Importantly, signaling is bidirectional: sensory neurons can also shape lymph node cellular behavior. Optogenetic activation of these fibers triggered rapid transcriptional responses in specific lymph node cell populations, notably endothelial cells, stromal cells, and innate leukocytes. These results suggest nociceptors can directly modulate the lymph node microenvironment and selectively influence immune cell gene expression.
“These neurons are not passive bystanders,” Ziegler added. “They change the local environment of the lymph node and appear to influence particular cells and structures.” The team is now characterizing the molecular signals that mediate this interaction, determining which immune pathways are mobilized by neuronal input, and assessing the impact when these neuro-immune circuits are disrupted.
Beyond lymph nodes, the study establishes experimental toolsets—combining imaging, transcriptomics, tracing, and optogenetics—that can be applied to dissect how other organ systems are integrated with the nervous system. “By building toolkits from multiple fields, we can gain new insights into how the body functions as an integrated system,” Shalek said.
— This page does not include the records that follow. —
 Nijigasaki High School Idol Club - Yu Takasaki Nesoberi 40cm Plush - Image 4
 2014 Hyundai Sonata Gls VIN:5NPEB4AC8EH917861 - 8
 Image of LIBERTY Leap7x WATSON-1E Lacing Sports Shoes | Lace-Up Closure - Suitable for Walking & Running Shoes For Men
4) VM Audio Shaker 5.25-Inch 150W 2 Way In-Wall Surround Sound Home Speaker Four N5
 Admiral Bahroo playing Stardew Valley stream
Funding: This research was supported in part by the National Institutes of Health, the Searle Scholars Program, the Beckman Young Investigator Program, the Pew-Stewart Scholars Program for Cancer Research, a Sloan Fellowship in Chemistry, the Ragon Institute, and the HHMI Damon Runyon Cancer Research Foundation Fellowship.
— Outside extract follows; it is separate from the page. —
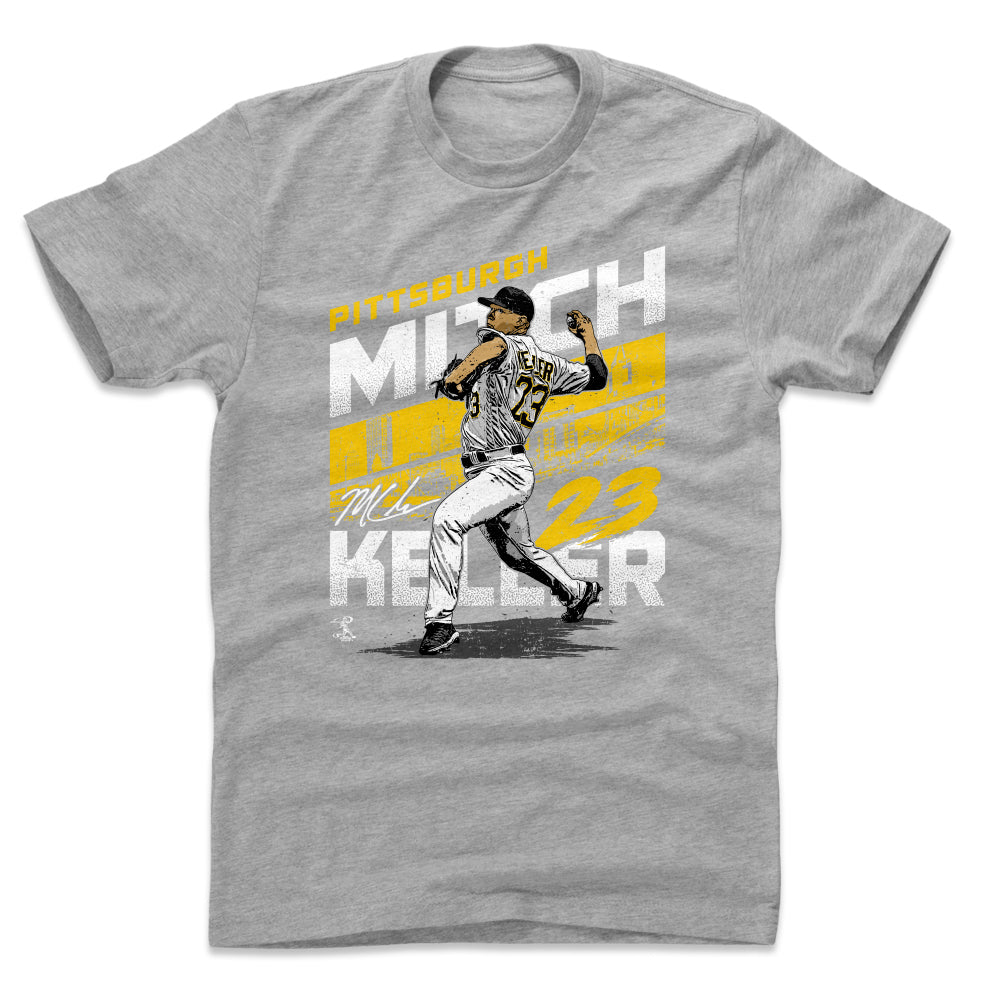 Mitch Keller Men&#39;s Cotton T-Shirt | 500 LEVEL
About this neuroscience research news
Source: Broad Institute
Contact: Press Office – Broad Institute
Image: Image credit: Siyi Huang, John Austin, Najat Mannoun
Original Research: Closed access. “Lymph nodes are innervated by a unique population of sensory neurons with immunomodulatory potential” by Alex Shalek et al., Cell. DOI: 10.1016/j.cell.2020.11.028
Abstract
Lymph nodes are innervated by a unique population of sensory neurons with immunomodulatory potential
Highlights
- • Anatomical and molecular identification of lymph node-innervating nociceptors
- • Demonstration of inflammation-induced plasticity of sensory innervation of lymph nodes
- • Transcriptome-based identification of nociceptor target cells within the lymph node
- • Optogenetic validation showing nociceptor activity modulates specific lymph node cell types
Summary
Nociceptors help regulate immune responses at barrier tissues, and their ablation alters local immune outcomes both at peripheral sites and in draining lymph nodes. This study uses high-resolution imaging, viral tracing, single-cell transcriptomics, and optogenetics to define a sensory neuro-immune circuit that senses lymph-borne inflammatory signals and exerts local control over lymph node gene expression. Multiple sensory neuron subsets, predominantly peptidergic nociceptors, innervate lymph nodes and are molecularly distinct from skin-innervating neurons. A lymph node single-cell transcriptomics atlas nominated endothelial, stromal, and innate leukocyte populations as likely neuronal targets. Optogenetic stimulation of lymph node-innervating sensory fibers triggered rapid transcriptional responses in these predicted interacting cell types, supporting a model in which a specialized population of sensory neurons monitors peripheral lymph nodes and can locally regulate immune and stromal gene programs.